Super Tuesday Postmortem: Massachusetts Edition
For the second time this week, Massachusetts residents prepared for a major event, only to be left confused and alone after it ended. The national news outlets are packing up their live trucks and are headed to the March 4 primary states, while we’re left with the memories of our brief time in the sun.
After the jump, we try to make sense of what the electorate was thinking.
The voters who waited in lines that went on for blocks to hear Barack Obama speak on Monday night must have come from inside Rt. 128. Despite the endorsements from every major player in the Kennedy clan and Gov. Deval Patrick, Hillary Clinton won the majority of Massachusetts’ democratic delegates with 56 percent of the vote to Obama’s 41 percent.
The few local politicians who supported Clinton took the opportunity to gloat at a rally last night.
“Those are the show horses; we are the work horses,” said [House Speaker Sal] DiMasi[.] “It was the people and the volunteers at the grass roots, not the political celebrities, who decided this election.”
celebrities supporters remained audaciously hopeful.
“I congratulate Sen. Clinton and all her supporters,” said [Gov.] Patrick. “I am looking forward to continuing my support of Sen. Obama in the weeks ahead.”
Clinton owes a great deal of her success in Massachusetts to the state’s female voters, claiming 17 percent more women than Obama. Nationwide, Obama did well with black female voters, but they make up only 3 percent of Massachusetts’ female voting block.

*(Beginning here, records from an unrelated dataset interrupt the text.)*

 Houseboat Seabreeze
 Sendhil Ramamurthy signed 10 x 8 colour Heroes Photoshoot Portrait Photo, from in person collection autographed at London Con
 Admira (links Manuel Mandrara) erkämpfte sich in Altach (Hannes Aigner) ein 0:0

Turning to the GOP, Mitt Romney delighted in casting a ballot for himself in Belmont.
“That’s pretty fun,” he said. “First time I’ve ever voted for myself for president.”

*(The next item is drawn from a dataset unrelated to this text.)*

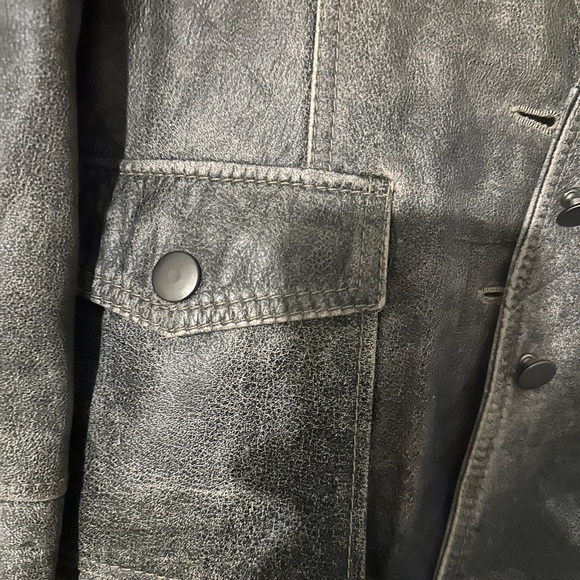 Leather jacket - Picture 8 of 12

Mitt wasn’t the only Republican in Massachusetts to vote Romney. He scored a double-digit victory over John McCain with 51 percent of the vote to 41 percent for the Arizona senator. In a night that featured more embarrassment than jubilation for the Romney campaign, the double-digit victory on his home turf silenced those who thought McCain had a shot at winning the Bay State.
We imagine the real kerfuffle will start when the Ron Paul supporters inundate the Globe with hate mail once they notice the town-by-town breakdown in the print edition claims Paul won Boylston, while the online edition calls it a win for Romney.
So, after two weeks of hype and expectations, we got status quo. It would have been nice if that other big event had turned out like that.